Function: get_auc_curve_with_rf_model

Purpose

The function get_auc_curve_with_rf_model is designed to train a Random Forest model using a provided dataset, optionally from an SQLite database. It computes and visualizes the ROC curve along with the AUC (Area Under the Curve) metric. The function offers various options for handling data preprocessing, including hyperparameter tuning, imputation, and undersampling, and outputs the model performance via the ROC curve.

Input Parameters

The function accepts the following parameters:

Parameter Type Description
Data data.frame Input data frame for training. If NULL, the function fetches data from the database.
path_db string Path to the SQLite database.
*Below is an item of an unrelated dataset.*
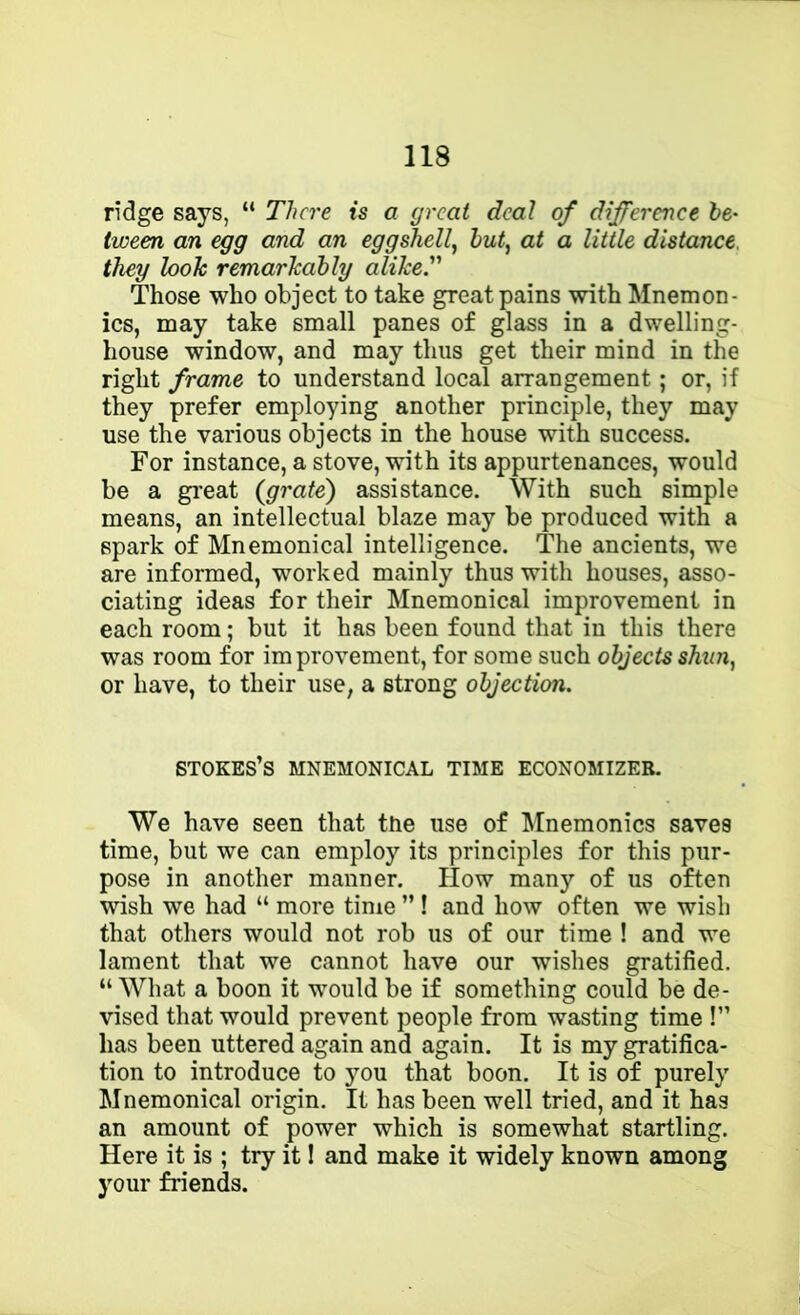 ridge says, “ There is a great deal of difference he- tween an egg and an eggshell^ hut, at a little distance, they look remarkably alikeT Those who object to take great pains with Mnemon- ics, may take small panes of glass in a dwelling- house window, and may thus get their mind in the right frame to understand local arrangement; or, if they prefer employing another principle, they may use the various objects in the house with success. For instance, a stove, with its appurtenances, would be a great (grate') assistance. With such simple means, an intellectual blaze may be produced with a spark of Mnemonical intelligence. The ancients, we are informed, worked mainly thus with houses, asso- ciating ideas for their Mnemonical improvement in each room; but it has been found that in this there was room for improvement, for some such objects shun, or have, to their use, a strong objection. STOKES’S MNEMONICAL TIME ECONOMIZER. We have seen that the use of Mnemonics saves time, but we can employ its principles for this pur- pose in another manner. How many of us often wish we had “ more time ” ! and how often we wish that others would not rob us of our time ! and we lament that we cannot have our wishes gratified. “ What a boon it would be if something could be de- vised that would prevent people from wasting time !” has been uttered again and again. It is my gratifica- tion to introduce to you that boon. It is of purely Mnemonical origin. It has been well tried, and it has an amount of power which is somewhat startling. Here it is ; try it! and make it widely known among your friends.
Used to fetch study data if Data is NULL.
rat_studies logical Whether to filter for rat studies (default is FALSE).
studyid_metadata data.frame Metadata associated with study IDs.
fake_study logical Whether to use fake study IDs for data simulation (default is FALSE).
use_xpt_file logical Whether to use an XPT file for input data (default is FALSE).
Round logical Whether to round numerical values (default is FALSE).
Impute logical Whether to perform imputation on missing values (default is FALSE).
best.m numeric The ‘mtry’ hyperparameter for Random Forest (optional).
reps numeric Number of repetitions for cross-validation (numeric value).
holdback numeric Fraction value (e.g., 0.75) for holdback during cross-validation.
Undersample logical Whether to perform undersampling (default is FALSE).
hyperparameter_tuning logical Whether to perform hyperparameter tuning (default is FALSE).
error_correction_method string Method for error correction: “Flip”, “Prune”, or “None”.
output_individual_scores logical Whether to output individual scores (default is TRUE).
output_zscore_by_USUBJID logical Whether to output z-scores by subject ID (default is FALSE).

Output

The function does not return any explicit values. However, it generates the following outputs:

  1. AUC Value: The AUC of the ROC curve is printed to the console.
  2. ROC Curve Plot: A ROC curve is displayed, showing the model’s performance with the computed AUC value.
  3. Performance Metrics: Other performance metrics (e.g., True Positive Rate, False Positive Rate) are computed but not returned directly.

Key Steps

  1. Data Generation or Fetching:
    • If Data is not provided, the function fetches the data either from the SQLite database or generates synthetic data (if fake_study is TRUE).
    • If use_xpt_file is TRUE, it fetches data from the specified XPT files.
  2. Data Preprocessing:
    • The function performs data preprocessing, including imputation (if Impute is TRUE), rounding (if Round is TRUE), and undersampling (if Undersample is TRUE).
    • It harmonizes the liver scores and prepares the data for machine learning.
  3. Model Training:
    • The function then prepares the data for Random Forest (RF) modeling, tuning hyperparameters if hyperparameter_tuning is enabled.
    • A Random Forest model is trained using the prepared data, and predictions are generated.
  4. AUC Calculation and Plotting:
    • The model’s performance is evaluated by computing the AUC (Area Under the Curve) and plotting the ROC curve.
    • The AUC is printed to the console, and the ROC curve is displayed with the calculated AUC value.
  5. Error Correction and Hyperparameter Tuning:
    • If specified, the function applies an error correction method (error_correction_method) and performs hyperparameter tuning to optimize the model.